Yasmin Levy


Yasmin Levy is an Israeli singer-songwriter of Judeo-Spanish music.

Biography

Levy is of Sephardic descent. Her parents were immigrants from Turkey. Her late father, Yitzhak Isaac Levy, was a composer and hazzan, as well as a pioneer researcher into the history of the Ladino music and culture of Spanish Jewry and its diaspora, being the editor of the Ladino language magazine Aki Yerushalayim.

Career

With her distinctive and emotive style, Levy has brought a new interpretation to the medieval Judeo-Spanish song by incorporating more "modern" sounds of Andalusian flamenco and traditional Persian music as well as combining instruments like the darbuka, oud, violin, cello, and piano.
Her debut album was Romance & Yasmin in 2000, which earned her a nomination as "Best Newcomer" for the fRoots / BBC Radio 3 World Music Awards 2005, followed in 2005 with her second album La Judería.
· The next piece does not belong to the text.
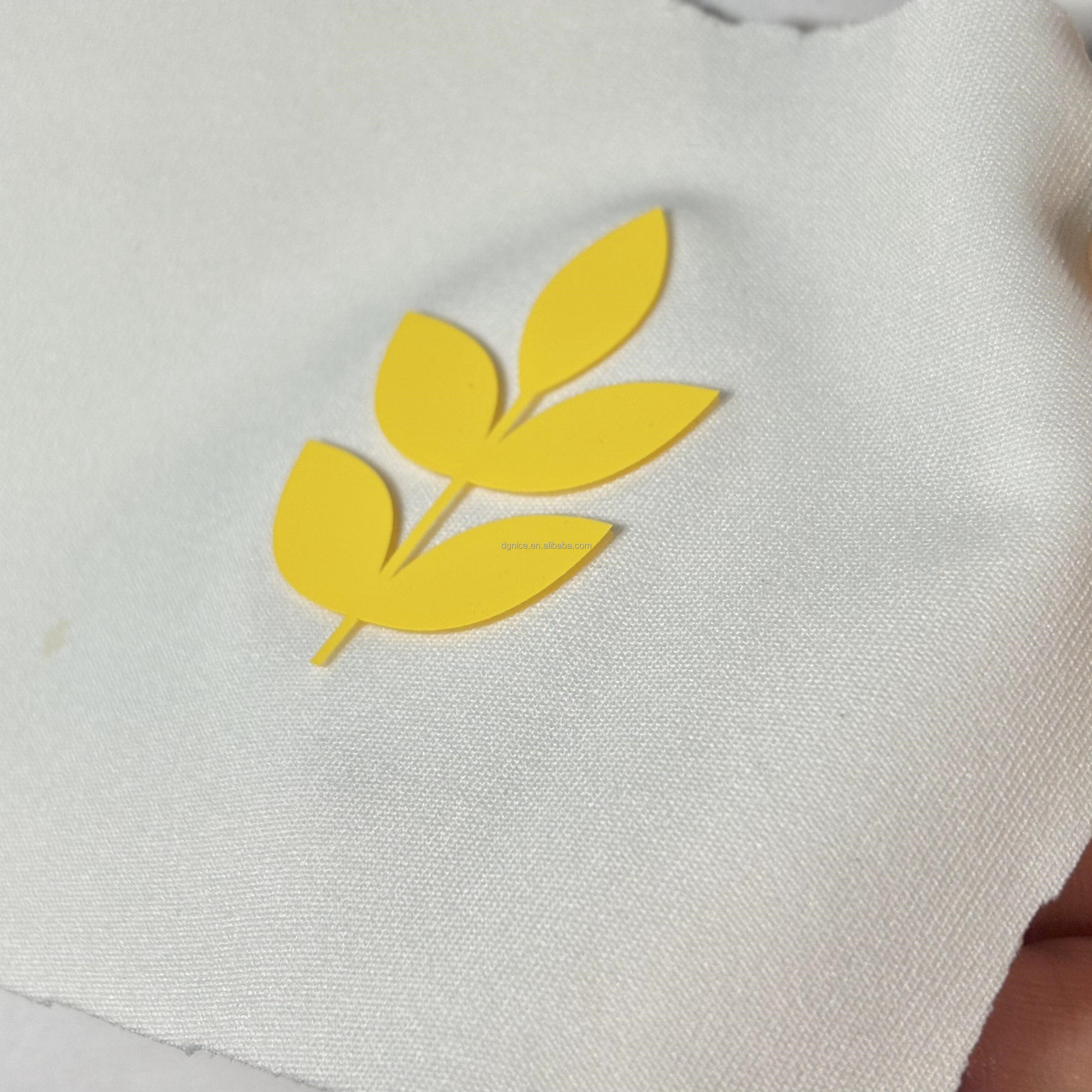 High Quality Custom 3D Raised Rubber Silicone Heat Transfer Logo Clothing Transfer Printing Sticker Label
In 2006, she was nominated again, then in the category "Culture Crossing".
On her second album, La Judería, she also covered the popular songs "Gracias a la Vida" by Violeta Parra and "Nací en Álamo" from the film Vengo, directed by Tony Gatlif, which in its original version won the 2001 César Award for Best Music Written for a Film.
Levy's work earned her the Anna Lindh Euro-Mediterranean Foundation Award for promoting cross-cultural dialogue between musicians from three cultures. In her own words:
I am proud to combine the two cultures of Ladino and flamenco, while mixing in Middle Eastern influences. I am embarking on a 500-year-old musical journey, taking Ladino to Andalusia and mixing it with flamenco, the style that still bears the musical memories of the old Moorish and Jewish-Spanish world with the sound of the Arab world. In a way it is a ‘musical reconciliation’ of history.

Levy is a goodwill ambassador for the charity Children of Peace.